Annuity Rate Lock 101

When rates change, what rate will your client get?

Sometimes, interest rates, participation rates, and/or caps change after your client’s application is received by National Life but before the premium is received and the policy issued. In that case, which rate applies?

It depends on whether the rates are going up or down.

Scenario 1: Policy Rates Increase Before Receipt of Funds

The application was received by National Life, but before the premium is received, an interest rate increase goes into effect.

Good news! Your client will receive the increased rates.

Scenario 2: Policy Rates Decrease Before Receipt of Funds

The application was received by National Life, but before the premium is received, rates decrease.

Your client will not automatically get the lower rates. Instead, in many situations, your clients will receive locked-in rates, as determined by our rate lock guidelines.

The rate lock period starts the moment the application was received and ends after a specific period, depending on the type of annuity.

  • Fixed indexed annuities (FIAs): The rate lock period extends 60 calendar days from the application receipt date.
  • Fixed annuities (FAs) and multi-year guaranteed annuities (MYGAs): The rate lock period currently extends 90 calendar days from the application receipt date.

For example, if an FIA application was received by National Life 10 days before a decrease in policy rates, the money must be received within 50 days after the rate change for your client to receive the locked rate. If the application was received 50 days before the decrease, the money must be received within 10 days after the rate change for your client to receive the locked rate. In both cases, the rate lock period is a total of 60 days.

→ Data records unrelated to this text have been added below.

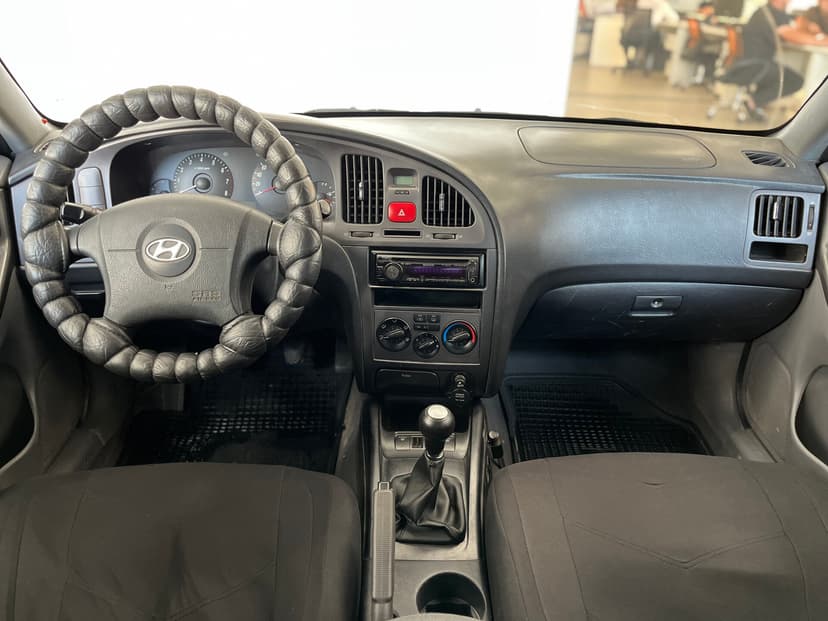Hyundai Elantra с пробегом, 2004 год, Волгоград, 1.6 бензин, Механика - вид 9
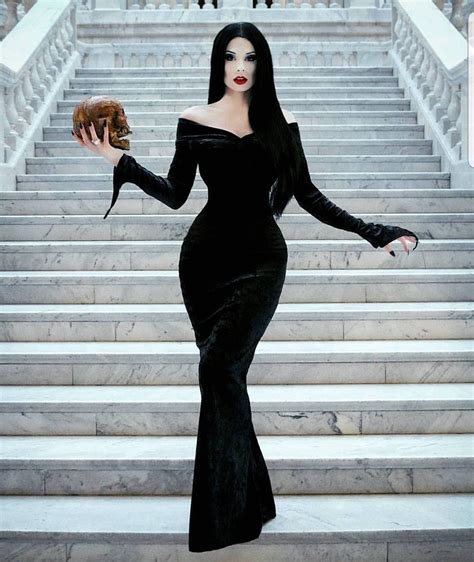 morticia addams disfraz casero|Cómo disfrazarse de Morticia Addams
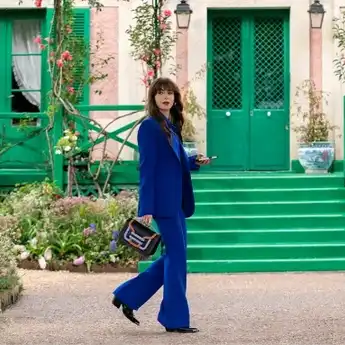 Sinopsis 'Emily in Paris Season 4' Kelanjutan Kisah Emily dan Gabriel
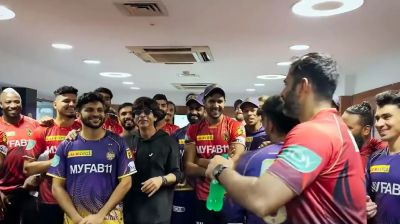 পর্দার কবীর খানকে বাস্তবে ফেরালেন শাহরুখ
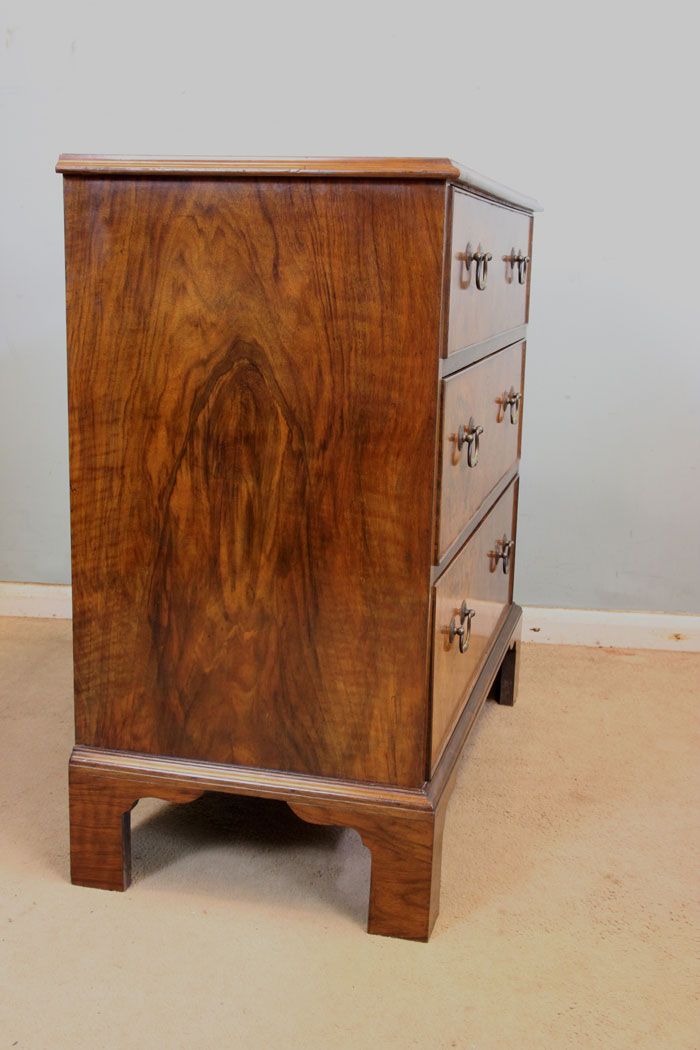 Walnut Chest of Drawers.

Important things to remember:

  • To secure a locked-in rate, applications must be received at the National Life home office before the rate change date. Submission to an agency, broker-dealer, or any other entity for preprocessing does not lock the rate.
  • An application can only be rate locked once. If there are more decreases during the rate lock period, it will not restart.
  • If National Life receives the money after the end of the rate lock period, the policy will receive the rates that are in effect on the date the premium was received.
  • SPDA policies with a 90-day premium window: Only premiums received before the end of the applicable rate lock period will receive the locked rate.
  • Flexible Premium Deferred Annuities (FPDAs): All premium payments will receive the policy rate in effect on the date National Life receives the money. This includes FIAs and FAs that allow for ongoing premium payments.